Dopo cinquecento anni di crescita costante, alla fine di questo secolo la popolazione mondiale comincerà a calare in modo irreversibile. Lo scrive lo studioso Usa George Friedman, direttore della rivista di geopolitica Stratfor, partendo dal dato del tasso di fecondità. Come è noto, al di sotto dei 2,1 figli per donna, la popolazione di un paese scende. È il problema più volte paventato per il mondo occidentale, quasi tutto sotto questa quota (l'Italia è all'1,38, secondo dati delle Nazioni Unite) ma che è destinato ad allargarsi anche a paesi più poveri.

Il declino della popolazione sta già avvenendo in proiezione e sta avvenendo in tutto il mondo. Infatti, secondo l'articolo, l'esplosione demografica globale sta già finendo e in quasi tutte le società, da qui a qualche anno, dalle più povere alle più ricche, il tasso di natalità per ogni donna inizierà a diminuire sensibilmente. Secondo le previsioni di Friedman entro la fine del secolo in pochissimi paesi il numero di figli per donna supererà il 2.1, ovvero il numero di "sostituzione" che mantiene stabili le popolazioni. Aggiungendo i progressi della medicina si prospettano società sempre più vecchie.
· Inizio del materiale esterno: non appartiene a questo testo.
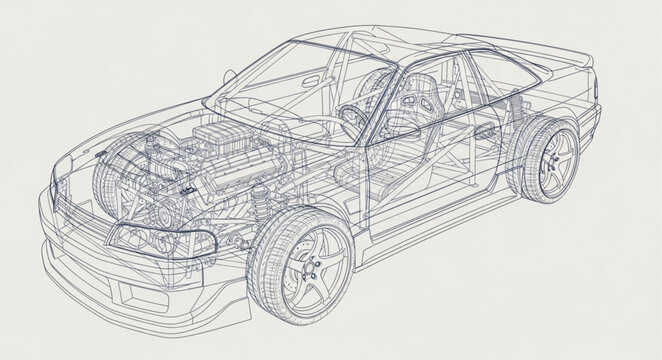 Detailed technical drawing of a modern cars internal mechanics.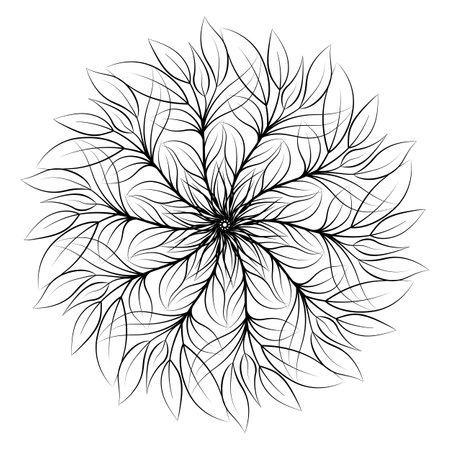 Mandala. Round floral ornament isolated on white background. Decorative design element. Black and white outline illustration for coloring book, print on T-shirt and other items.の写真素材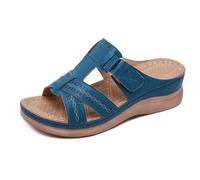 EFLALYHG Sandales compensées d'été pour Femmes, Chaussures orthopédiques à Bout Ouvert, Style Vintage, à Enfiler, décontractées, pour la Plage,Bleu,43 EU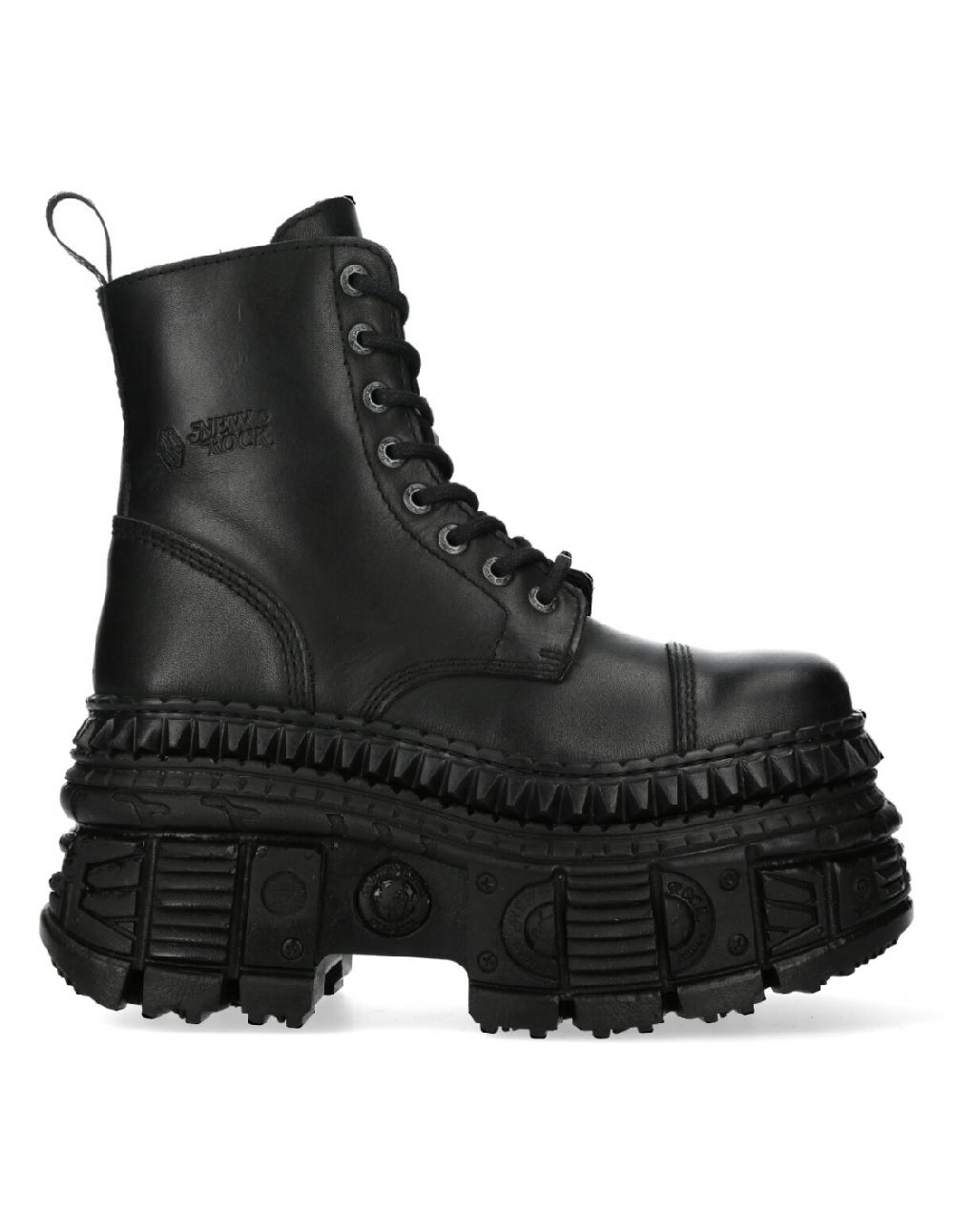 new rock ANKLE BOOT BLACK TANK M-WALL083C-S3 Oferta especial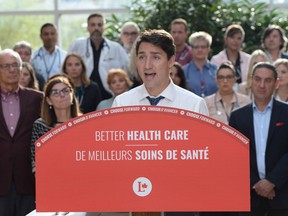 Leader of the Liberal Party of Canada, Justin Trudeau, makes a health care policy announcement in Hamilton, Ontario on Monday Sept. 23, 2019.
Un processo irreversibile e inevitabile - dice Friedman - dovuto principalmente al processo di urbanizzazione, che rende i bambini economicamente onerosi per le famiglie.

Poi c'è il noto problema della sostenibilità delle pensioni: nei prossimi decenni un numero sempre più basso di lavoratori (fascia d'età dai 15 ai 64 anni) dovrà sostenere una massa sempre più ampia di ultrasessantacinquenni, come dimostra la figura qui sotto (che indica la quantità di over 65 per ogni 100 lavoratori. Come si vede dall'immagine alcuni stati europei e il Giappone già presentano un forte squilibrio)

Una soluzione a questi squilibri potrebbe arrivare dallo spostamento di popolazione dai paesi che ne hanno ancora in abbondanza, ma la storia del processo di immigrazione nei paesi occidentali (Europa e Giappone in particolare) non lascia sperare in una integrazione facile a breve termine.